**Task to complete:** Please set down, unchanged, each line from the one with "Chief Technology Officer" to the final line of the data below, both included. Drop the pictures.

[Short text fragments from websites]

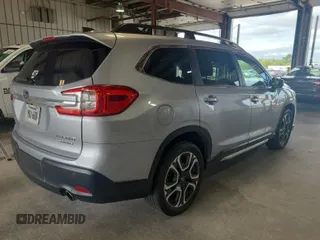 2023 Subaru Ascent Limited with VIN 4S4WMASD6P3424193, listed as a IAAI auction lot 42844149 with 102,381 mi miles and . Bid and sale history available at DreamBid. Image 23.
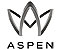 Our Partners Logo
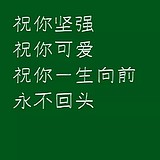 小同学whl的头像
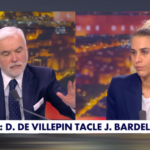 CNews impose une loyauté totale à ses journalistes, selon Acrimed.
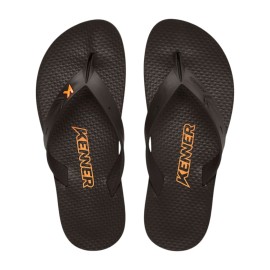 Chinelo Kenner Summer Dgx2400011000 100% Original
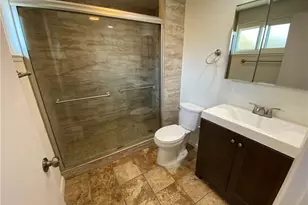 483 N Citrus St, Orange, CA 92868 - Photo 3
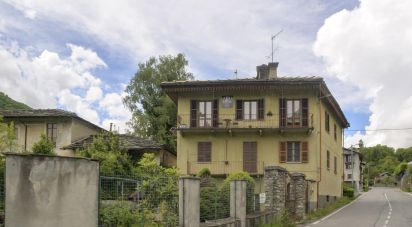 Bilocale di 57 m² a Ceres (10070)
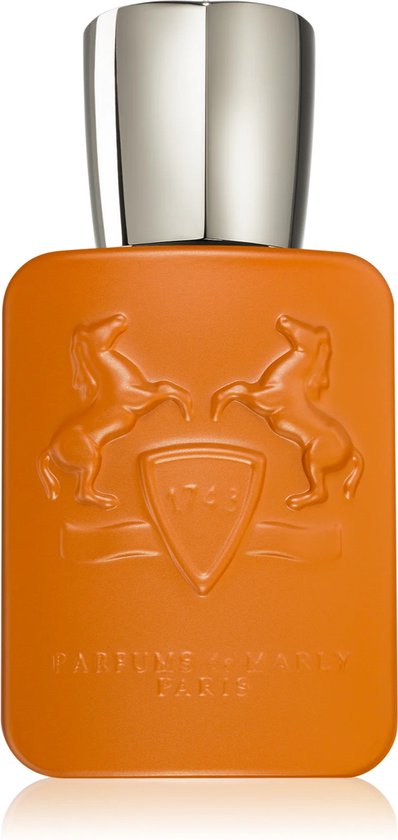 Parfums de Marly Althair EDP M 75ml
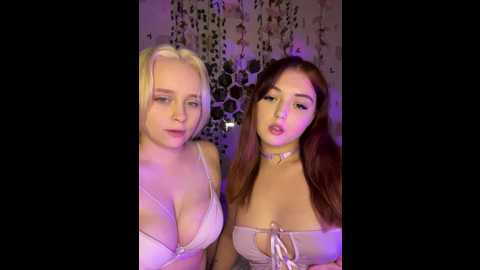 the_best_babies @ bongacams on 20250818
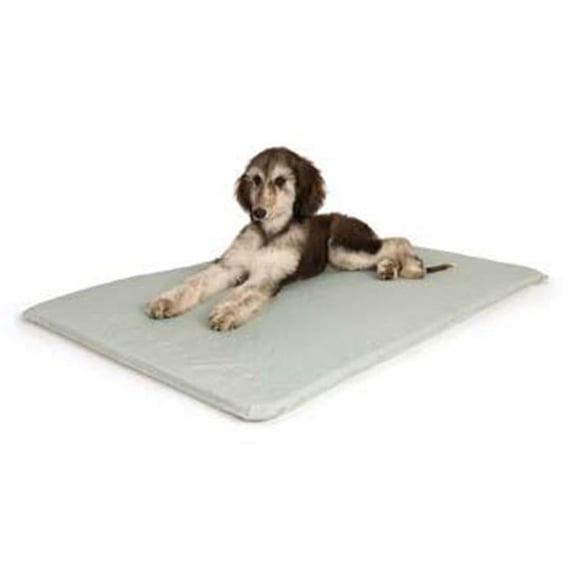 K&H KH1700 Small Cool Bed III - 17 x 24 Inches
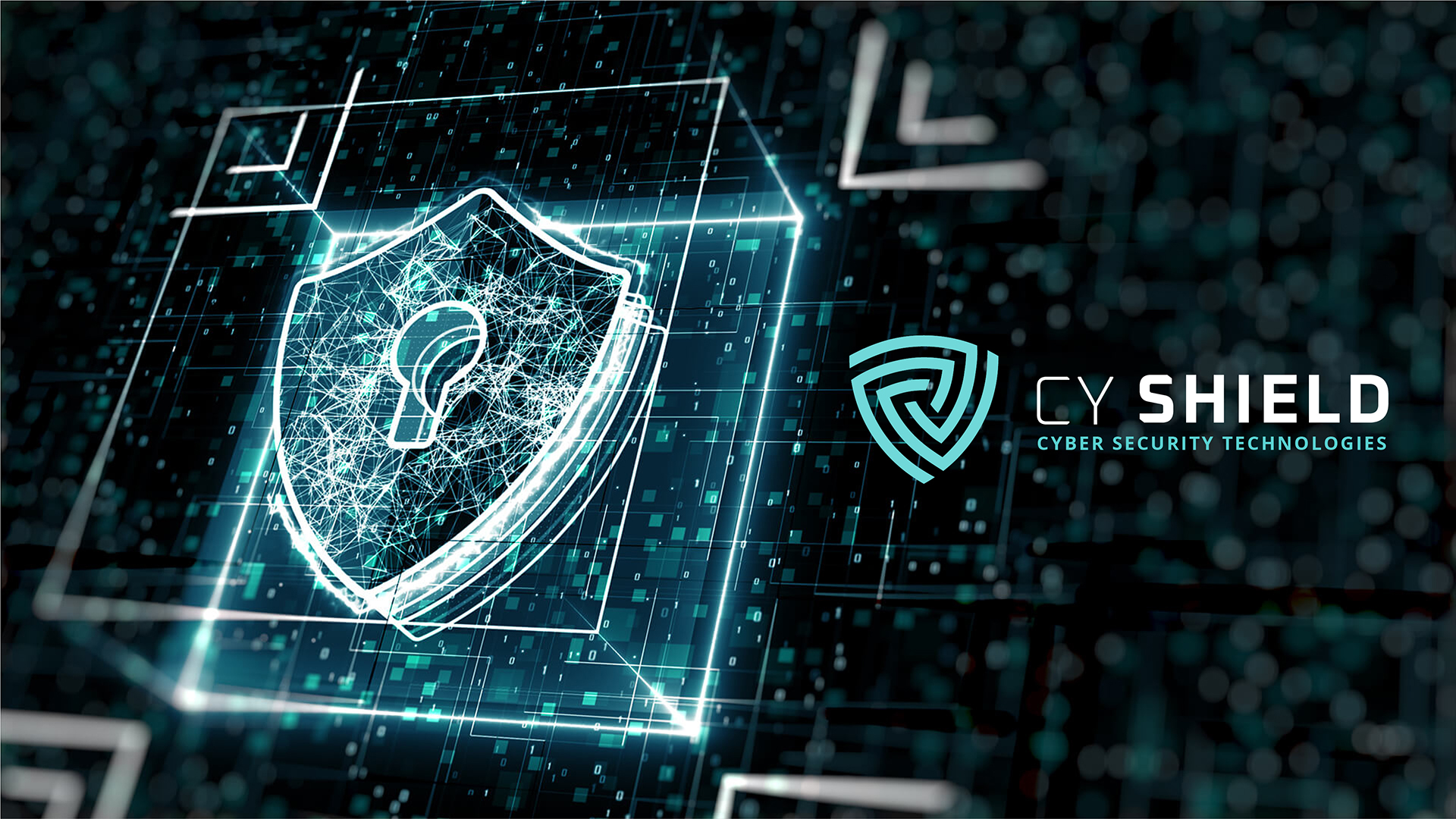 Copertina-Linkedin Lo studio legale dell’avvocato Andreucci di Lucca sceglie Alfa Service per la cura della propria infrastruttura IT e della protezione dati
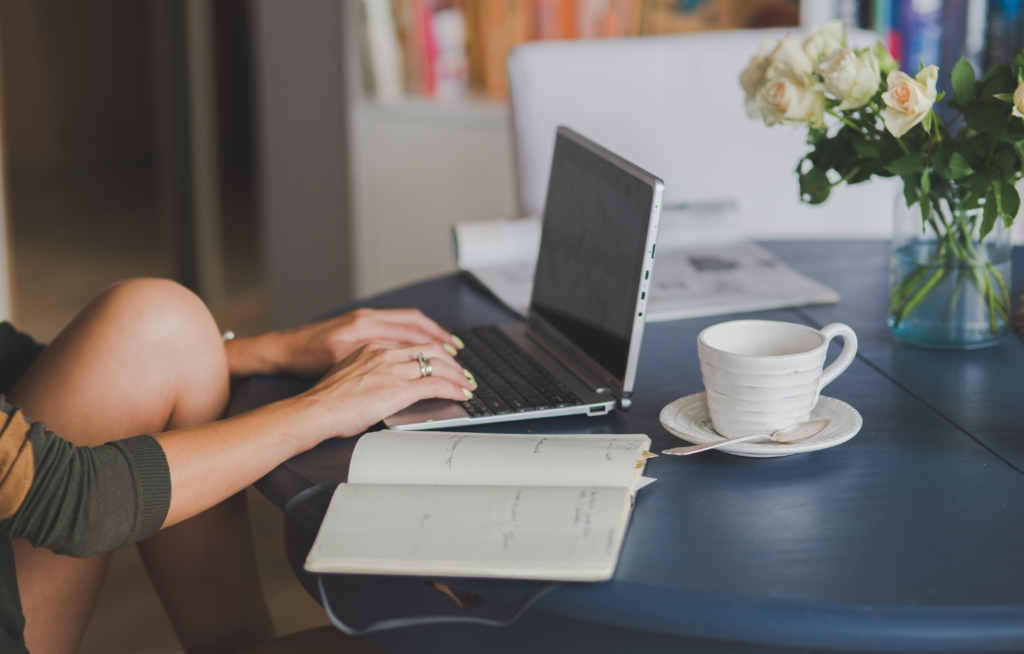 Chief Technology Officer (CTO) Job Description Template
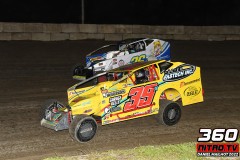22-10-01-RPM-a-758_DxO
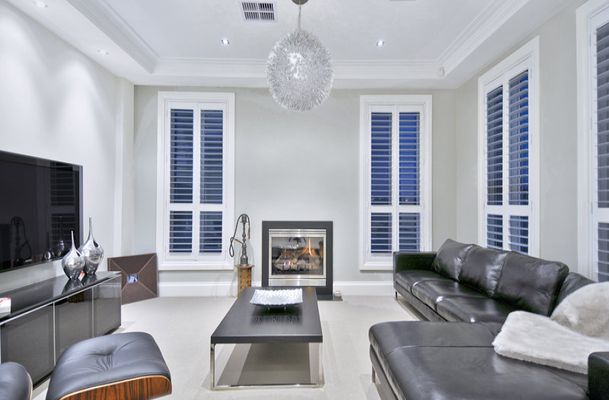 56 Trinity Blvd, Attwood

**Task response:**
 Chief Technology Officer (CTO) Job Description Template
22-10-01-RPM-a-758_DxO
 56 Trinity Blvd, Attwood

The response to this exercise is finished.